Bu türden radikal bir profili CHP´nin İstanbul gibi tüm Türkiye´yi etkileyen, dünyanın gözünün üzerinde olduğu bir kente il başkanı yapmak, zaten militanlaşmış, marjinalleşmiş, Atatürkçülük ve ulusalcılık damarlarından uzaklaşmış bir partinin seçmenlerini daha da germek anlamına gelir.
Burada ikinci bir Gezi provokasyonuna zemin hazırlanırken, siyasi alanı/Meclis´i gerecek, böylelikle seküler kesimleri sokağa razı edecek bir arkaplan akla geliyor. İrrasyonalitenin sağduyunun yerine geçtiği bir ortamın şartlarını hazırlamak, toplum mühendisliğinin de bir parçası. Zaten AK Parti´ye oy veren geniş kesimleri gayrimeşru gören bir zihniyet, daha da militanlaşarak çarenin siyasette değil, sokakta olduğuna insanları ikna olabilir.
Tabii bu gelişmeleri Suriye sınırındaki ciddi değişimlerle birlikte okumak gerekiyor. ABD´nin 30 bin kişilik bir sınır ordusu oluşturma gayretinin ?resmiyet? kazandığı bir ortamda, Türkiye müdahale etmeye hazırlanırken Ankara´nın elini kolunu bağlamak adına içeride kargaşa çıkartmaktan daha münasip bir girişim olamaz.
Dün bazı gazetelerde Kılıçdaroğlu´nun ?Bana sokakta polise direnecek bir il başkanı lazım? dediği yazıyordu. Bu doğruysa, malumun ilanıdır. CHP´nin siyasi olarak potansiyeli değil, bu nokta oldukça ciddiye alınmalıdır.
Batı´da, özellikle ABD´de ?Militan demokrasi? denen bir kavram bir süredir dolaşıma sokuldu. Kılıçdaroğlu´nun sıkça diline doladığı ?direnme hakkı? lafları da, sokak çağrıları da buradan geliyor. ?Bir ülkede siyasi mücadele ile sonuç almak mümkün değilse, sokak direnişlerinin meşru ve saygıdeğer olduğu, Batı´nın da bunları destekleyeceği? işleniyor.
Kaset kumpasından beri CHP sosyolojisi depresyona sokulmaya ve marjinalleştirilmeye çalışılıyor.
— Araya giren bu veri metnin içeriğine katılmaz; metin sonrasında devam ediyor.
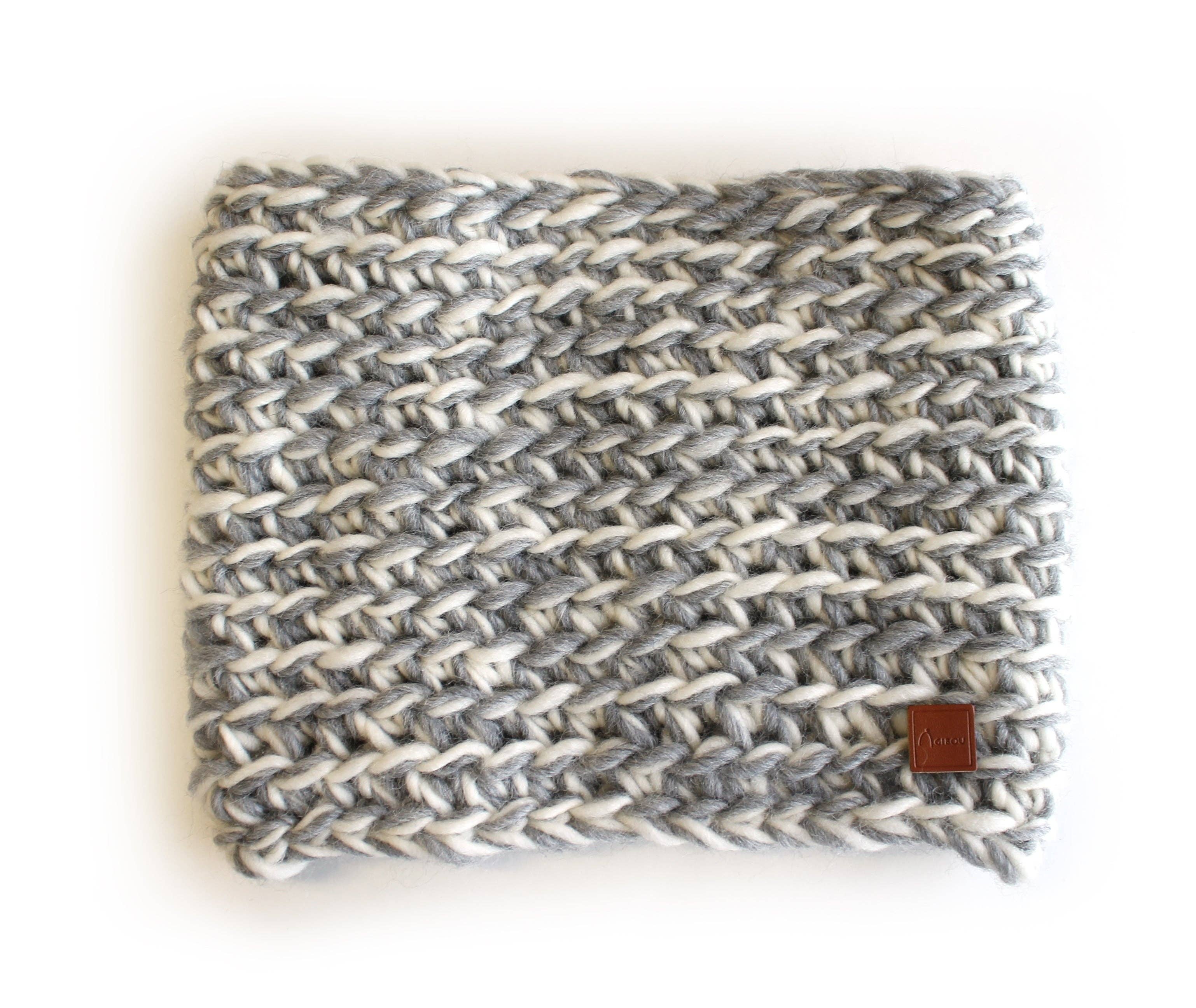 Gibou – wholesale Mössa - Dam – Handstickad halsvärmare21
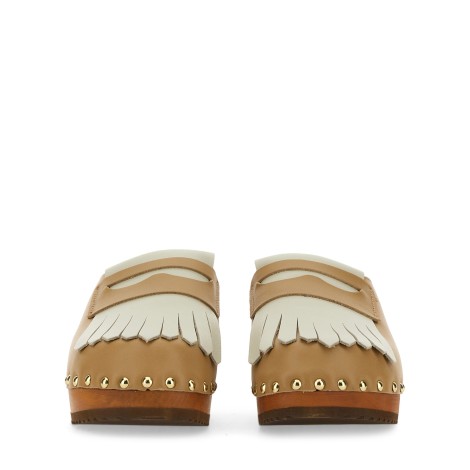 jejia leather clogs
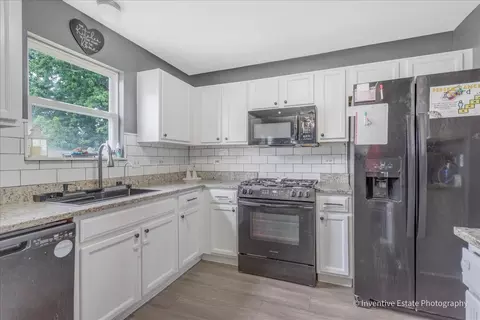 Kitchen - 2031 Ridgemoor Dr, Plainfield, IL 60586 photo 1 of 1
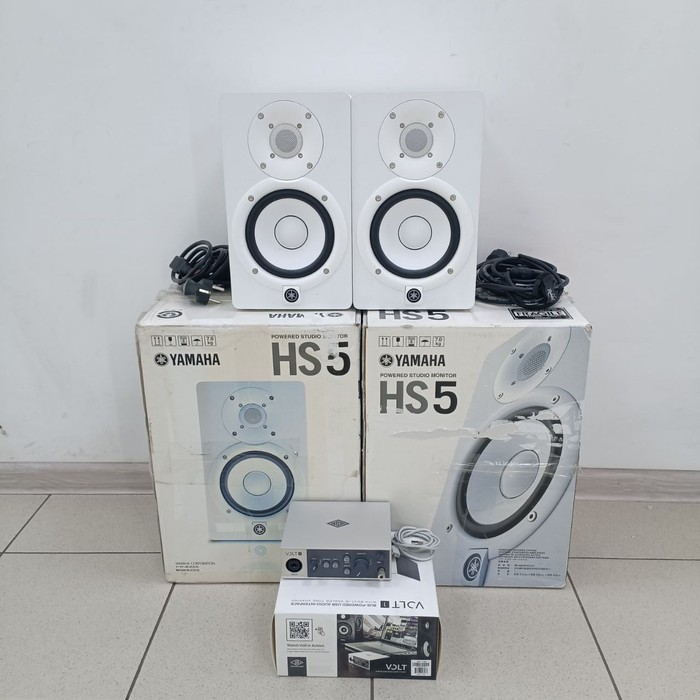 Акустическая система YAMAHA HS5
Baykal idaresindeki bir CHP´de bunun o kadar kolay yapılamayacağı ortadaydı. Ancak Kılıçdaroğlu o kadar kullanışlı bir figür ki, herhangi bir maneverayı koca partiye çok kısa zamanda yaptırmak mümkün olabiliyor.
Atatürkçü, yurtsever CHP´lilerin partilerine sahip çıkmalarının tam zamanıdır.